2.3 Non-Compete. Vendor agrees not to develop or encourage the development of a product substantially similar in purpose or design to the Services during the Evaluation Period and for one (1) year after the termination of these Terms of Use. Nothing herein is intended or may be construed as prohibiting Vendor from purchasing or licensing similar Services from competitors of VitalWare.

3.   TERM AND TERMINATION/ LEGAL EFFECT.

3.1 Term.  This Terms of Use shall become effective on the Effective Date and shall remain in effect for an initial term of sixty (60) days (such period of time, the “Initial Term”) unless terminated earlier pursuant to the provisions of this Section.  Thereafter, this Terms of Use shall renew by written consent between the parties for successive periods (each a “Renewal Term”, and together with the Initial Term and any prior Renewal Terms, the “Term”).
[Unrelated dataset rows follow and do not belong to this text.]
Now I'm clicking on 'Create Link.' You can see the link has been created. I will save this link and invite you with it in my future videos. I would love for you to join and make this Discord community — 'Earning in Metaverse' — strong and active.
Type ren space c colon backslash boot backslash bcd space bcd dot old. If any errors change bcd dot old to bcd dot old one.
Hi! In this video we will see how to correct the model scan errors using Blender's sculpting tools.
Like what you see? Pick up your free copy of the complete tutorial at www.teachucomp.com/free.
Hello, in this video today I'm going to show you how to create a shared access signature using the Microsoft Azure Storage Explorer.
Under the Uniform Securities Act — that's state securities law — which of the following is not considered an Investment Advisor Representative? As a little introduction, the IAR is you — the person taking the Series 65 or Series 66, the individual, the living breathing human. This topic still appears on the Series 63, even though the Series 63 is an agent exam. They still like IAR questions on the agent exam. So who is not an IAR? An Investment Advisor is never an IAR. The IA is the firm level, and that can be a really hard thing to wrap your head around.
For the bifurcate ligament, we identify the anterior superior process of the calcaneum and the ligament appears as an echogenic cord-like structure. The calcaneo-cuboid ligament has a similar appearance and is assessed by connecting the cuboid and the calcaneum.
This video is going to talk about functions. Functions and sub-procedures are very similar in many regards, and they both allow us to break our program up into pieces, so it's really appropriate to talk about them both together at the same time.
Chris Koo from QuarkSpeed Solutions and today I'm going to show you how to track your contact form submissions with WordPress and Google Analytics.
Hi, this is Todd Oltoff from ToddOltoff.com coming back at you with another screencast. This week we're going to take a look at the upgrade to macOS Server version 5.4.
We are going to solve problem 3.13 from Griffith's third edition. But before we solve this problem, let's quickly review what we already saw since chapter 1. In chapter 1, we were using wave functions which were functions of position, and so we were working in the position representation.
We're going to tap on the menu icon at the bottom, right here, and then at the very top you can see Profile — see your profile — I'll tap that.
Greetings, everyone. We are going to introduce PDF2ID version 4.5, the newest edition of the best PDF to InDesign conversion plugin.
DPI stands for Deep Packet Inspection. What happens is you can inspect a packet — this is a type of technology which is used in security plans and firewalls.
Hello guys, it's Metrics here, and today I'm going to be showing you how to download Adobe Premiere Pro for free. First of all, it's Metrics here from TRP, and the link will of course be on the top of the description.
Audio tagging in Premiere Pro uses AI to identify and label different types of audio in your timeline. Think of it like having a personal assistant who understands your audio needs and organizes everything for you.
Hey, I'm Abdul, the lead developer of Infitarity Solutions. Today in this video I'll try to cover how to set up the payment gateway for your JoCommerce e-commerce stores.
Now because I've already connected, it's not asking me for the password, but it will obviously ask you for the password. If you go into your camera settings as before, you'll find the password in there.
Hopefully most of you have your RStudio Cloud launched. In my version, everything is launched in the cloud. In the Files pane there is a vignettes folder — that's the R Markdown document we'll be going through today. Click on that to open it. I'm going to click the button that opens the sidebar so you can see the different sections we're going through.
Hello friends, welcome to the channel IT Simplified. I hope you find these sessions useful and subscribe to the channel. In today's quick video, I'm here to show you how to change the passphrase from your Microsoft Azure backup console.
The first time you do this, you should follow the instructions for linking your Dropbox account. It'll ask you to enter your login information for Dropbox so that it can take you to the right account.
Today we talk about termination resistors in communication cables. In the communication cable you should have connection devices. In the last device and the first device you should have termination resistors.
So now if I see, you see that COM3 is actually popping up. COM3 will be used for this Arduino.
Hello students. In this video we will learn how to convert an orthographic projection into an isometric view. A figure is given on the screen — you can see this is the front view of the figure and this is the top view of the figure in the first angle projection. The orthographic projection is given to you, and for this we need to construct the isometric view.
3.2 Termination. Either party may terminate this Terms of Use prior to the expiration of the Initial Term or any Renewal Term thereof as follows:  (i) if either party fails to perform any of its material obligations under this Terms of use and such failure remains uncured for ten (10) days after receipt of written notice of default from the other party specifying the default in reasonable detail; or (ii) immediately if either party ceases to conduct all business, becomes or is declared insolvent or bankrupt, files a petition in bankruptcy, is the subject of any proceeding relating to its bankruptcy, liquidation or insolvency which is not dismissed within thirty (30) days.  

These Terms of Use is a preliminary statement of the intentions of the Parties and is not intended to create a lasting legal relationship between the Parties, except as expressly noted above. Each Party will not have any legal obligation to proceed with the proposed business relationship, and no Party will assert any claim against any other Party for any decision to terminate the Terms of Use. 

These Terms of Use will remain effective until such time as the Parties execute a formal written Agreement or one Party terminates these Terms of Use by providing written notice of termination to the other Party, whichever occurs first.

4.   MISCELLANEOUS.

4.1 Nature of Relationship.  The relationship between the Parties is non-exclusive and neither Party shall be prohibited from entering into a similar type of arrangement with any other party. It is the expectation of the Parties that the formal written Agreement will contain provisions that address the ownership and use rights of combined/integrated solutions developed by the Parties. Each Party enters into and performs these Terms of Use as an independent contractor of the other Party.

4.2 Assignments.  Vendor agrees that Vendor will not assign, sublease or transfer this Terms of Use Agreement, nor any rights under it (including without limitation access to the Services), in whole or in part, without VitalWare’s prior written consent.  VitalWare may assign this Terms of Use and any obligations under this Terms of Use.  .

4.3 Agreement.  The Parties anticipate that the formal written Agreement will include provisions regarding: the retention by the Parties’ of their respective intellectual property rights; warranties; indemnification and limitation of liability.

4.4 Force Majeure.  Neither party shall be responsible for any delay or failure in performance of any part of this Terms of Use to the extent that such delay or failure is caused by fire, flood, explosion, war, terrorism, embargo, government requirement, civil or military authority, act of God or other similar causes beyond its control. 

4.5 Remedies.  Each party agrees that the other’s Confidential Information is of a special, unique and extraordinary character and that disclosure or other use of such information in violation of this Agreement may irreparably harm the disclosing party.  For this reason, each party agrees that the disclosing party shall be entitled to seek injunctive relief to further prevent use and/or disclosure in addition to other remedies available to it in law or in equity for breach of this Terms of Use.